If the United States were to invade Pakistan on the premise that al-Qaeda ‘sanctuaries’ must be destroyed in order to protect American troops in Afghanistan, it would be repeating history with respect to their engagement with Cambodia in the early 70s, as this would only prove to legitimise the enemy and make them stronger.

This was observed by eminent scientist Dr Syed Arif Kazmi in an interview with The News. He said that President Nixon’s military campaign to assist the Khmer Republican government in Cambodia in stopping the Khmer Rouge (followers of the Communist Party of Kampuchea) and their brutal ideology from taking control of the country, only served to strengthen the Rouge, as those who lost family members and close friends ended up joining the Khmer Rouge revolution. They called themselves communists but they were very brutal and millions of people were killed during their rule through genocide, he said.

‘The Taliban is the modern-day version of the Khmer Rouge. Both groups are ideologically motivated as well as brutal and the Americans would be repeating the same mistake if they were to invade Pakistan for the purpose of removing terrorists factions, as these acts would only gravitate innocent people who would fall victim to the military operation towards the enemy itself, which in this case is the Taliban or al-Qaeda,” he warned.

Kazmi had some interesting insight into America’s history with was in the decades past as he himself had participated in protests against the Vietnam War in the 1960s. Although he acquired an MSc in Chemistry from the University of Karachi (KU) in 1963, he went on to complete a PhD in Chemistry from Kent State University, USA, in 1970.

With more that 45 publications in international journals, he has taught at various universities as a visiting scientist and has also been president of the Karachi University Teachers’ Society (KUTS) as well as the head of the Chemistry Department. Since 2006 he has been working with KU’s Husein Ebrahim Jamal (HEJ) Research Institute of Chemistry.

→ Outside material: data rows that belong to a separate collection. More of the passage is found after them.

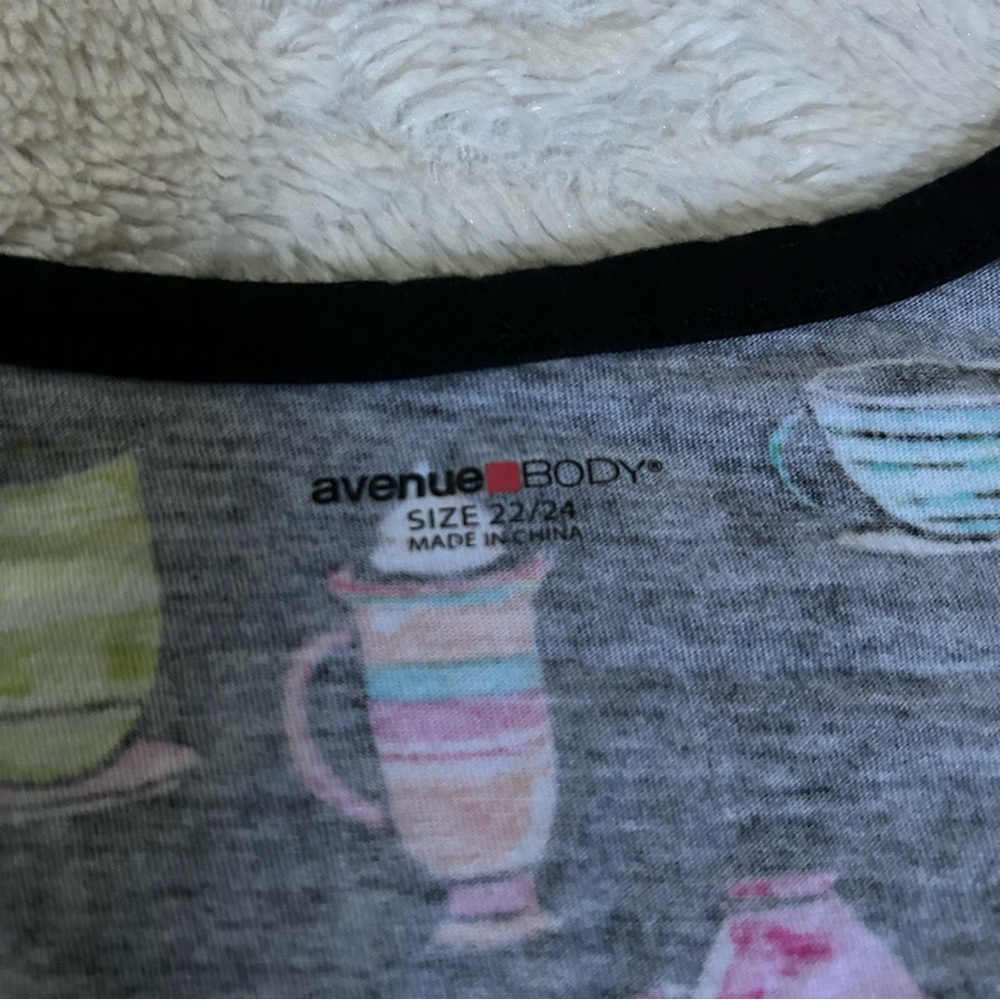 Avenue Body - Black Coffee Lovers Cotton Blend Nightgown Lounge Dress - 22/24 - Picture 6 of 9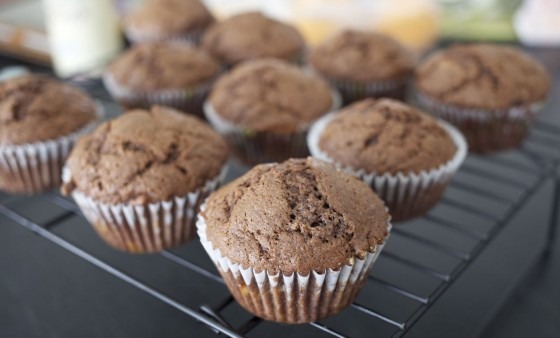 chocolate banana muffins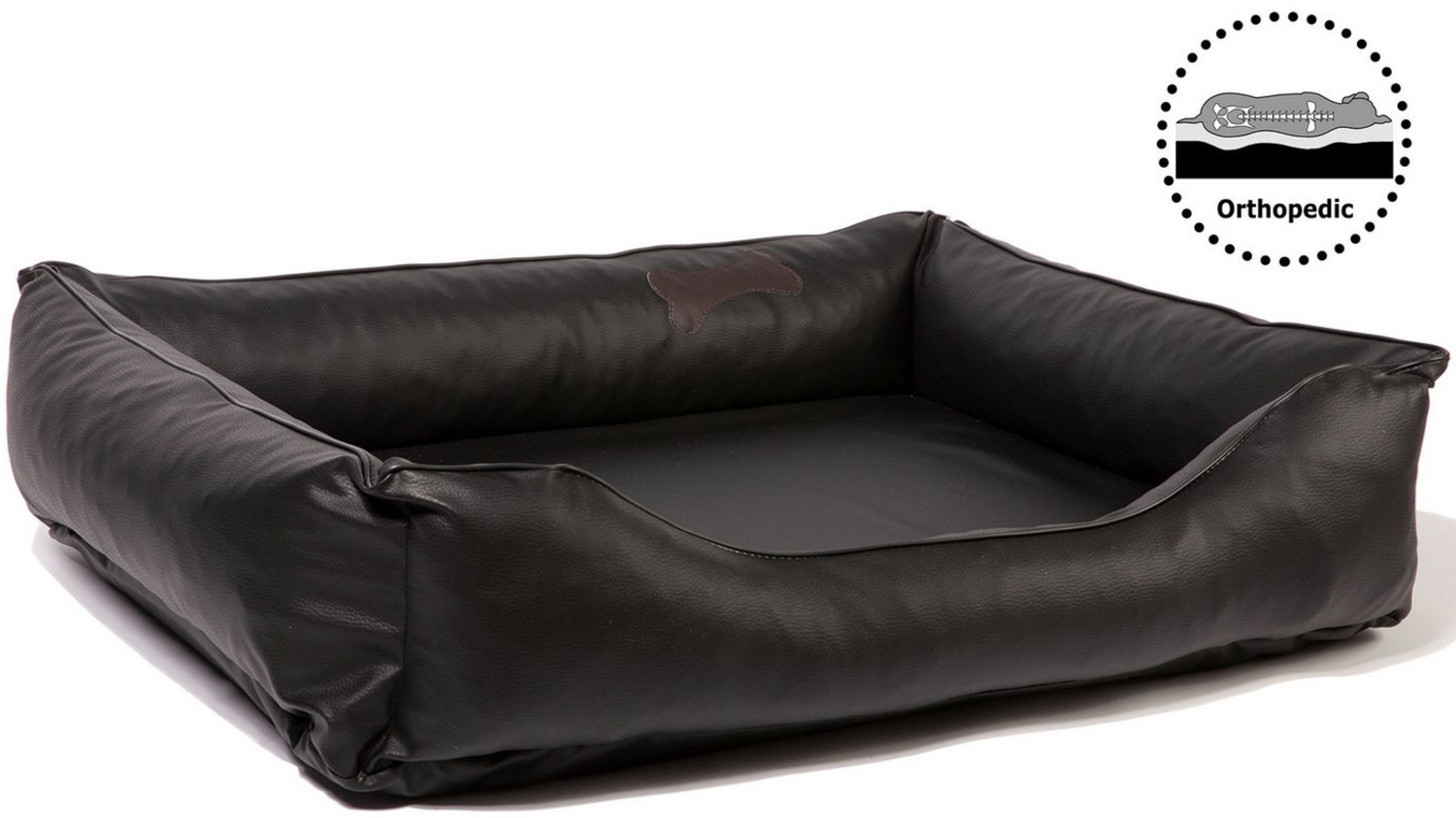 CopcoPet Tierbett Paco Hundebett Schwarz L - 90x70 cm Visco (orthopädisch) Bild 1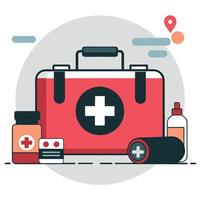 Comprehensive First Aid Kit Essentials for Emergency Situations vector
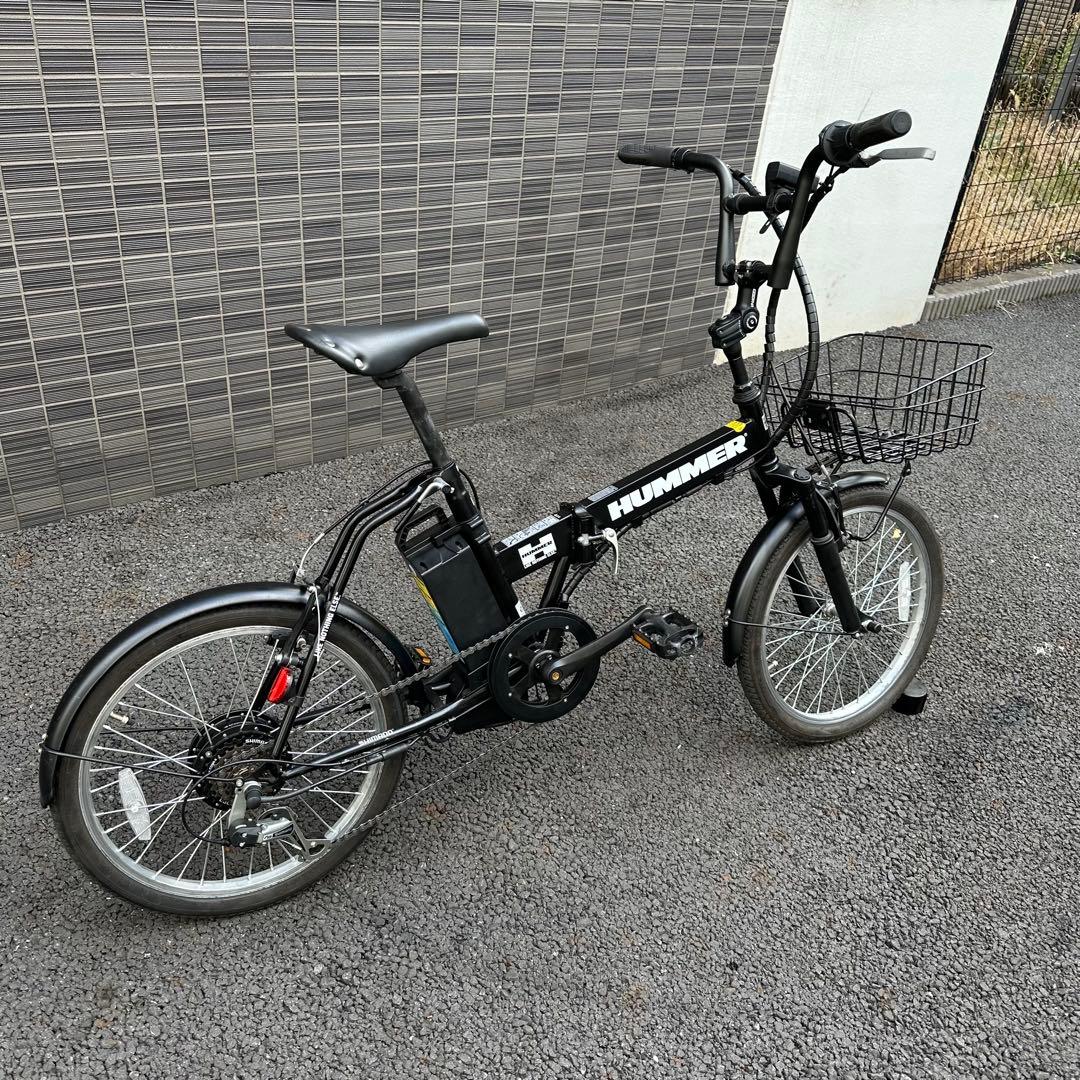 最終価格HUMMER 電動アシスト自転車 ブラック 前カゴ付き　モーター不良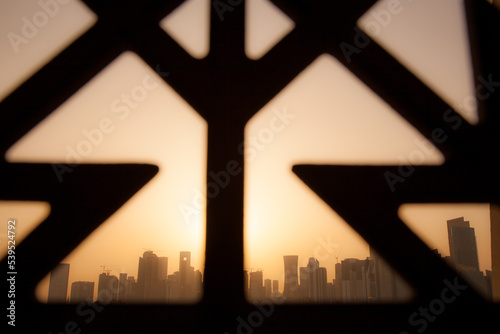 Doha,Qatar- April 24,2022: Imam Muhammad ibn Abd al-Wahhab Mosque is the national mosque of Qatar. 
 photo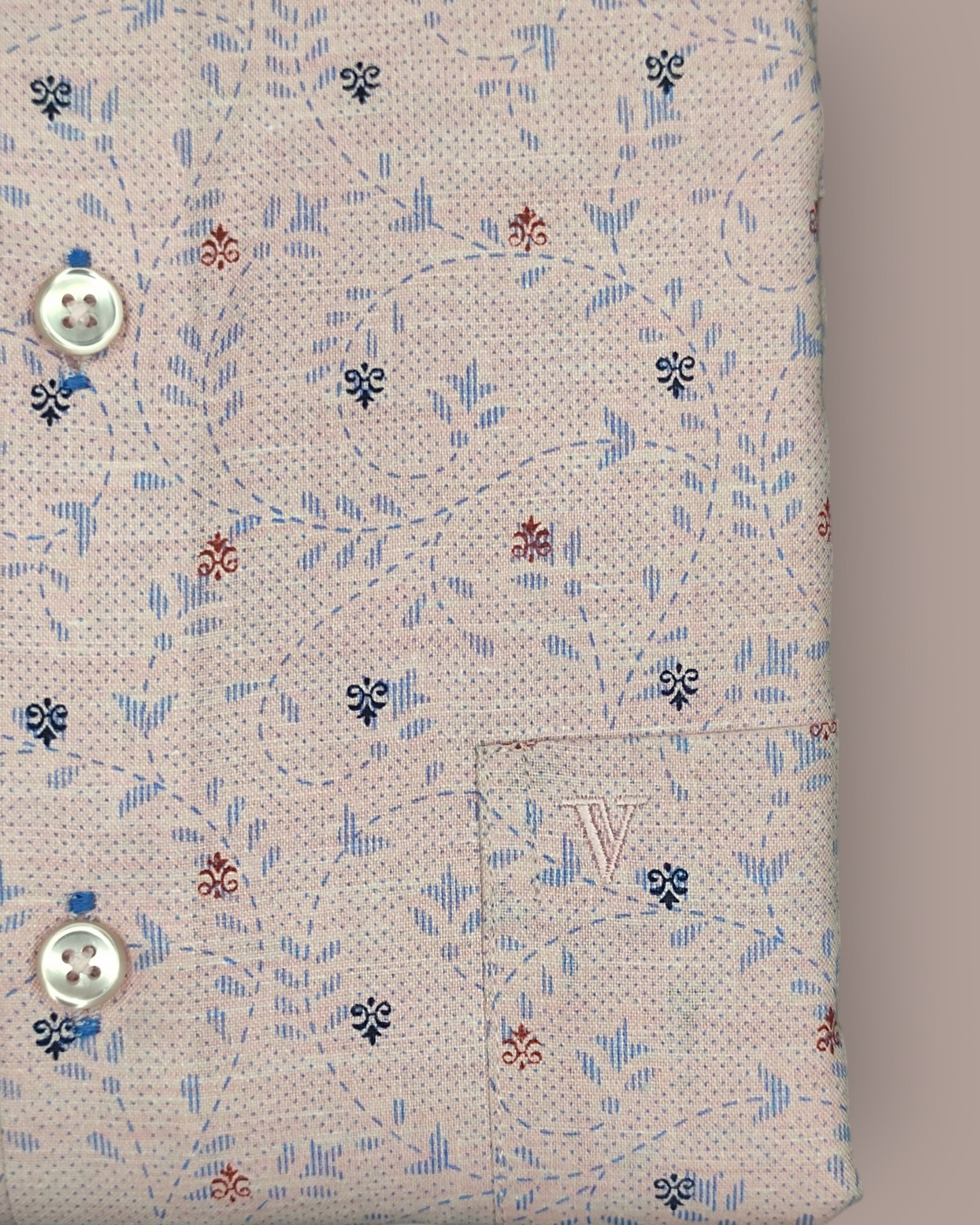 Men’s Peach Floral Printed Full Sleeve Shirt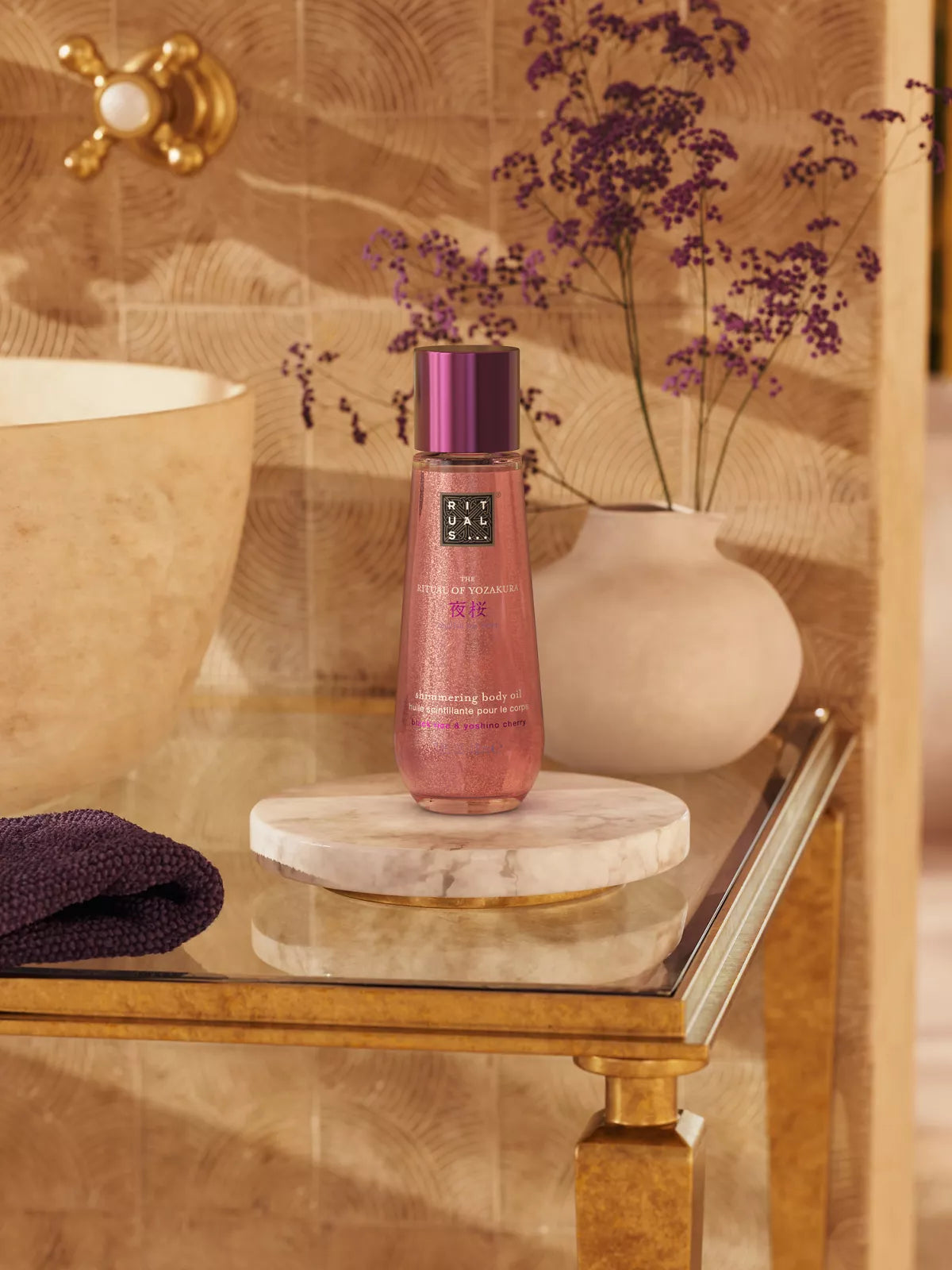 The Ritual of Yozakura Shimmering Body Oil 100ml Lifestyle with Product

Kazmi recalled his youth when he was in the process of preparing to leave in the pursuit of higher studies in the United States, which coincided with the Gulf of Tonkin in North Vietnam. “The Americans had bombarded North Vietnam for the first time because of alleged firing on US naval ships by the North Vietnamese in the Gulf of Tonkin,” he explained, adding that this was really the start of the war against North Vietnam.

“In Karachi meanwhile, the left-wing student body of the National Students Federation (NSF) organised a demonstration and a public meeting at Patel Park (now known as Nishtar Park). I participated in that demonstration,” Kazmi informed with pride. A few weeks later he left for the US where the anti-war movement was very small at the time, but gradually it grew with the war itself.

‘To put it simply here were two major schools of thought in the anti-war movement; the larger was liberal in its opposition based on the idea that this particular war was not good for Americans, while the smaller was radical with the basic philosophy that the South Vietnamese communists (Vietcong) were right and the Americans deserved to be defeated,’ he added.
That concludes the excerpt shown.